WHAT IS REQUIRED - Reproduce the lines below verbatim. Pictures are to be omitted.

COLLECTED DATA -
● ● ● ●

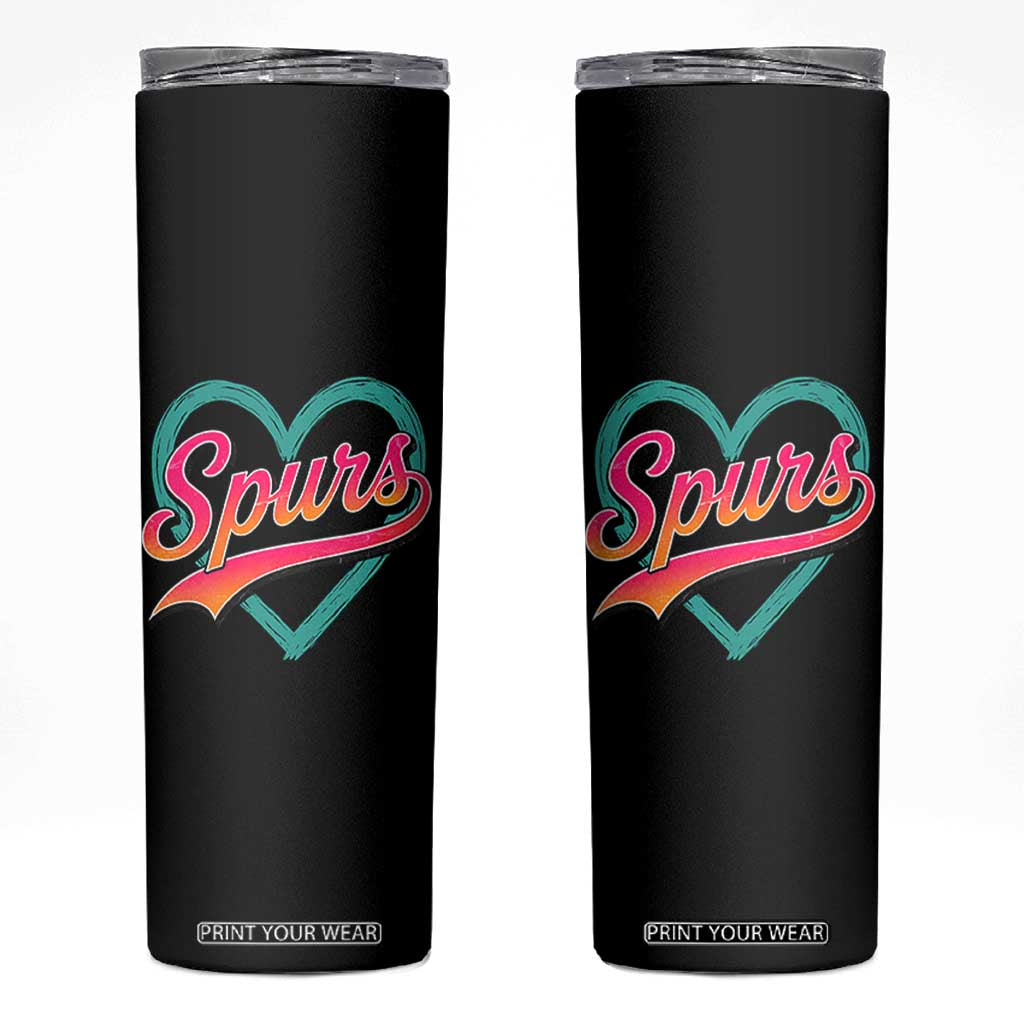 Retro Spurs Nickname Skinny Tumbler Vintage Hoops Fan Gift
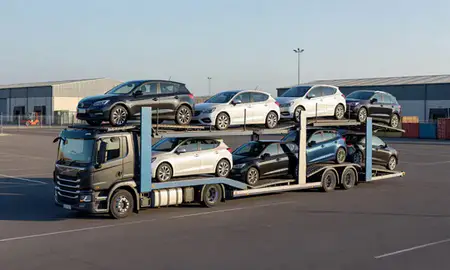 Car transporter loaded with vehicles in Worcestershire, United Kingdom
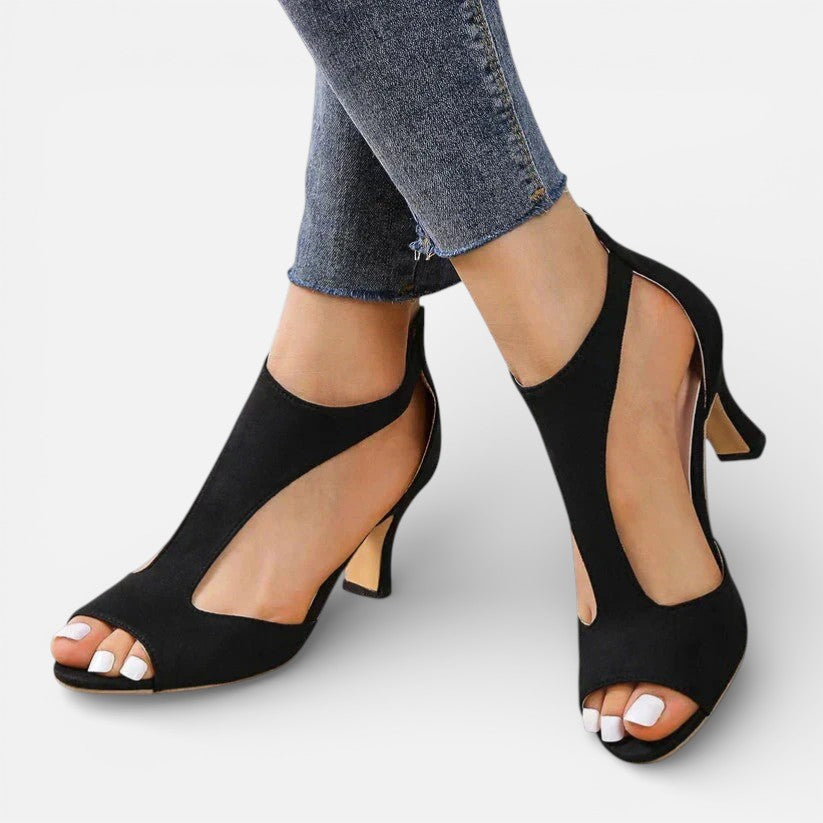 Orthopädische Damen Sandalen mit Absatz und offener Spitze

● ● ● ●

ANSWER SECTION -
 Retro Spurs Nickname Skinny Tumbler Vintage Hoops Fan Gift
 Car transporter loaded with vehicles in Worcestershire, United Kingdom
 Orthopädische Damen Sandalen mit Absatz und offener Spitze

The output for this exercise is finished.